How is the Shengshou 7x7?


----------



## Ronxu (Feb 14, 2014)

AlexCube said:


> How is the Shengshou 7x7?



Good. It was my main until I changed to mini SS.


----------



## AlexCube (Feb 14, 2014)

Ronxu said:


> Good. It was my main until I changed to mini SS.


Ok how big it is?


----------



## Ronxu (Feb 14, 2014)

AlexCube said:


> Ok how big it is?



Normal size.


----------



## AlexCube (Feb 14, 2014)

Ronxu said:


> Normal size.


Ok I'll buy it


----------



## Username (Feb 14, 2014)

AlexCube said:


> Could you hold the shengshou 7x7 for me? Also, is anyone else selling cubes?
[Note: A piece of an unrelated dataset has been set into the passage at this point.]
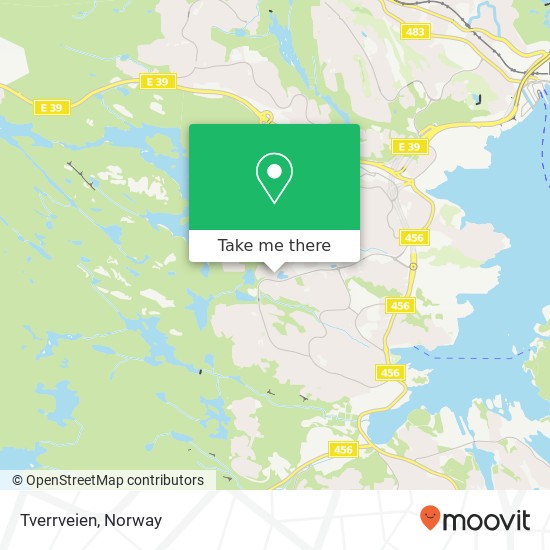 Tverrveien map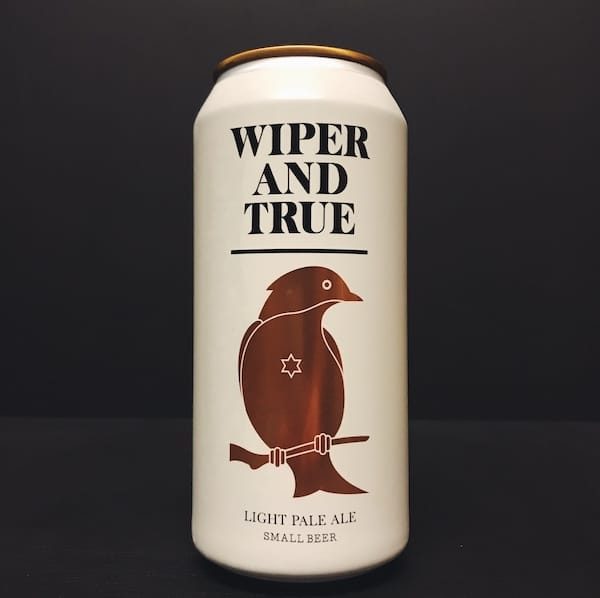 Wiper & True Small Beer Light Pale Ale Bristol vegan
Yeah, I am selling some. I'll just bring them to the venue if I don't feel like typin them here next week

E:



AlexCube said:


> Ok I'll buy it




I'm also selling one. You might want to try them both before buying it from him


----------



## AlexCube (Feb 14, 2014)

Username said:


> Yeah, I am selling some. I'll just bring them to the venue if I don't feel like typin them here next week


Any good, new and cheap? Like a Weisu or Aosu etc.


----------



## AlexCube (Feb 15, 2014)

Username said:


> Yeah, I am selling some. I'll just bring them to the venue if I don't feel like typin them here next week
> 
> E:
> 
> ...



Nice! How much would you ask?


----------



## Username (Feb 15, 2014)

AlexCube said:


> Nice! How much would you ask?



PM me


----------



## AlexCube (Feb 15, 2014)

Username said:


> PM me



PM'd


----------



## Username (Feb 17, 2014)

I should probably start practicing a bit more again. Haven't done a serious average in a few weeks... I also need to find a main


----------



## kcl (Feb 17, 2014)

Username said:


> I should probably start practicing a bit more again. Haven't done a serious average in a few weeks... I also need to find a main



Don't find one plz

I want a chance to be faster than you


----------



## Ronxu (Feb 17, 2014)

I'll be away from home until Thursday. We'll see how much I can manage to practice. Haven't done a single feet solve after my previous comp.


----------



## AlexCube (Feb 20, 2014)

Ok so coming in 3.30 pm train from Oulu to Helsinki tomorrow. We have an apartment at. Katajannokka and we're gonna sleep there  6h train trip. Should be able to practice enough  See you guys the day after tomorrow! Btw Ronxu and username hold the 7x7s for me  Good luck!


----------



## Username (Feb 22, 2014)

Okso day1 was a fail. Only one good solve (7x7 single)


----------



## Ronxu (Feb 22, 2014)

Okso day1 was a success. Did well in pretty much everything.


----------



## Username (Feb 22, 2014)

Okso apparently I have lost my pyra. I hope I can find it before round1


----------



## Username (Feb 23, 2014)

Failed first 2 3x3 rounds completely (except for a 9.25 single)


----------